Ксения Кривошеина. Своя стена. Ксения Кривошеина
Функционирует при финансовой поддержке Министерства цифрового развития, связи и массовых коммуникаций Российской Федерации
№ 11, 2024

№ 10, 2024

№ 9, 2024
№ 8, 2024

№ 7, 2024

№ 6, 2024
№ 5, 2024

№ 4, 2024

№ 3, 2024
№ 2, 2024

№ 1, 2024

№ 12, 2023

литературно-художественный и общественно-политический журнал
 


Ксения Кривошеина

Своя стена

Об авторе | Кривошеина Ксения Игоревна родилась 1945 году в Ленинграде в музыкальной семье. В СССР Ксения Кривошеина (Ершова) была членом Союза художников, иллюстратором детских книг. В 1980 году выходит замуж за Никиту Игоревича Кривошеина и уезжает в Париж, где продолжает свою работу как живописец, скульптор и литератор. За последние двадцать восемь лет участвовала в многочисленных персональных выставках в галереях и салонах Франции, Германии, Японии. Автор автобиографического романа “Русская рулетка” (журнал “Звезда”, 2003, № 12, сборник “Русская рулетка для блаженного Августина” СПб, “Логос”, 2004). В 2004 году подготовила исторический сборник “Судьба века — Кривошеины” (“Звезда”, СПб). В издательстве “Искусство” (СПб) в 2004 году, вышло ее исследование “Красота спасающая” — о жизни, творчестве и судьбе матери Марии (Скобцовой 1891—1945). Автор сайта “Мать Мария”, где собраны уникальные материалы по Серебряному веку и эмиграции, архивные фотографии, тексты и документы по русско-французскому Сопротивлению 1943—1945 годов. В журнале “Звезда” № 10, 2006 и в издательстве “Христианская библиотека” (Нижний Новгород) выходит повесть “Недоумок”.

 

От автора | В тексте “Своя Стена” мне хотелось поделиться с читателями мыслями о том, что “стена”(ы) может существовать и может быть не только разделяющей стеной — границей, но и внутренней “перегородкой” в наших сердцах, душах, идеологических противостояниях. Каждый из нас ищет своего, близкого человека. Не всегда мы находим общий язык со своим соотечественником. И как его узнать? Кто есть “ свой среди чужих” и “чужой среди своих”? Вот об этом и хотелось рассказать...

 

Ксения Кривошеина

Своя стена

Несколько лет назад я видела по французскому телевидению передачу о телепатии. Ведущий пригласил разных участников. Тут были ученые, маги, шарлатаны и гадалки. Обсуждался телекинез. Кто-то выступал “за”, кто-то — “против”. Конечно, противники требовали: “а вы докажите”. И вот очередь дошла до известной французской гадалки, ясновидящей Мод Кристен. Ей завязали глаза и только после этого дали в руки маленький камень. Она его потерла, сжала в ладонях и произнесла: “Я чувствую огромный сгусток негативной силы, которая сконцентрирована в этом кусочке. В нем много крови, страданий и ненависти, и все это происходило совсем недавно, где-то в самом центре Европы...”. Потом ей развязали глаза, и ведущий программы сказал: “Вы держали в руках осколок Берлинской стены”.

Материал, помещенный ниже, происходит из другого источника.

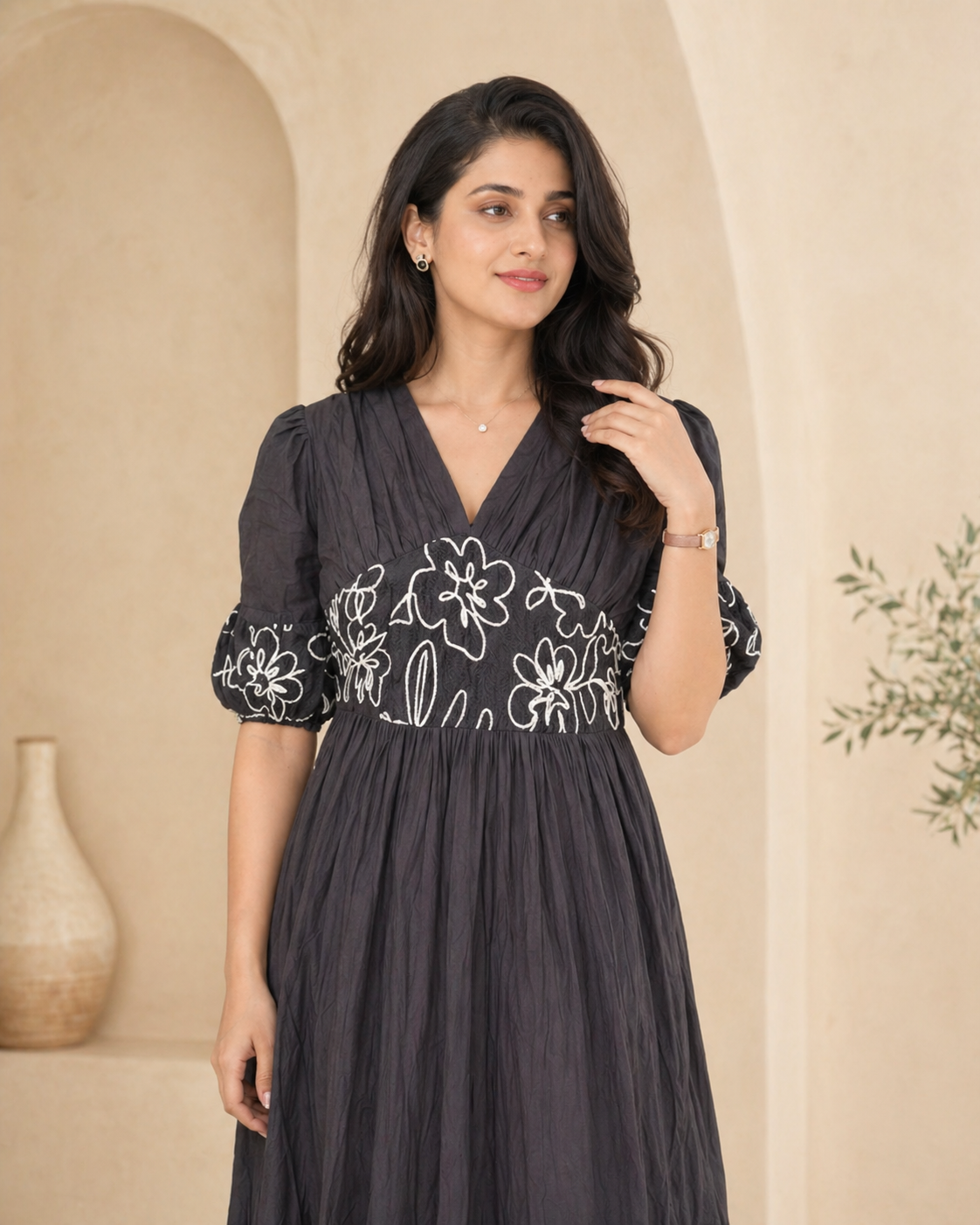 Black cotton frock with sleek thread work detailing detail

Каждый город обладает характером, он, как человек, имеет свое лицо, мордочку или маску. Не так много на свете городов, где осталась такая концентрация трагизма, как в Берлине. В нем нет красоты старинных ансамблей, все было разбомблено, а те отдельные исторические здания, которые сохранились, — оперный театр, музеи — на долгие десятилетия были отрезаны от западных немцев.

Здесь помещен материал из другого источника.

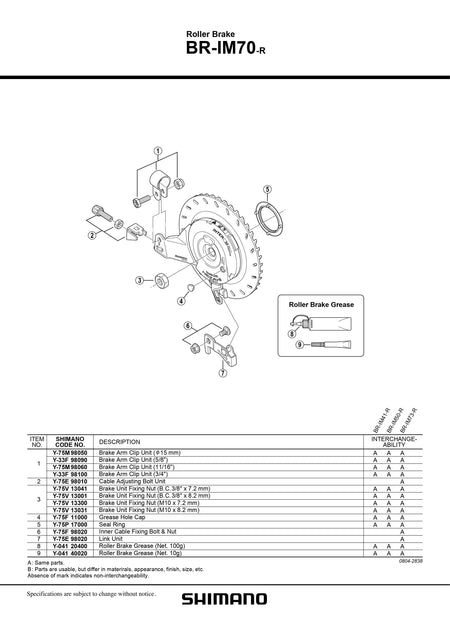 SHIMANO Nexus BR-IM70-F Roller Brake Inner Cable Fixing Bolt and Nut 2-Piston - Y75F98020-Pit Crew Cycles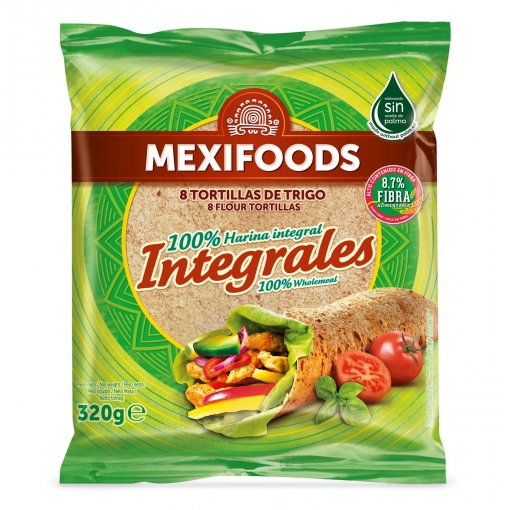 Tortillas de trigo integrales Mexifoods 8 ud.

За Бранденбургскими воротами начинался другой Берлин. Хотя и эта “граница” не была единственной. Весь город, как лоскутное одеяло, был нарезан секторами, ячейками свободной и несвободной зоны, и через все это возвели Стену.

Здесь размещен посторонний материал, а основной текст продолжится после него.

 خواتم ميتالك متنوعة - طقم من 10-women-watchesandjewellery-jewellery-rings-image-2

Первый раз я оказалась в Берлине проездом в 1979 году. Я ехала в гости, по приглашению моей девяностодевятилетней бабушки, в Женеву. Мое путешествие длилось две ночи и почти два дня. Села я на поезд в Ленинграде, потом Москва—Берн, через Польшу и Германию. Купе было узенькое, на троих, моими соседями оказалась женщина средних лет с мальчиком-подростком. Они должны были сойти в ГДР.

В первую ночь я проснулась оттого, что наш поезд стоит, и, кажется, уже давно. Соседка моя зашептала: “Мы в Бресте, здесь нам колеса меняют. Это часа на два, а заодно и документы смотрят”. Скоро послышался голос проводника: “Из купе не выходить!”. А еще через пару минут к нам сильно постучали, и сразу вошли молодой военный, женщина в форме и проводник. У нас отобрали паспорта, приказали выйти в коридор, пошныряли глазами по стенам, посветили карманным фонариком по потолку, заглянули под нижние полки. Я отвернулась к окну и в ночных сумерках, на плохо освещенной платформе увидела, как пожилую, полную женщину снимали с поезда с тяжелыми чемоданами. Уж не помню, сколько длилась эта ночная смена колес с постановкой на новые рельсы, но когда наконец состав тронулся, я увидела, как та же немолодая женщина, вся взлохмаченная, бежала по перрону с растерзанной огромной сумкой и развалившимся чемоданом, чтобы успеть на ходу впрыгнуть в вагон. Ей никто не помог, а поезд набрал скорость.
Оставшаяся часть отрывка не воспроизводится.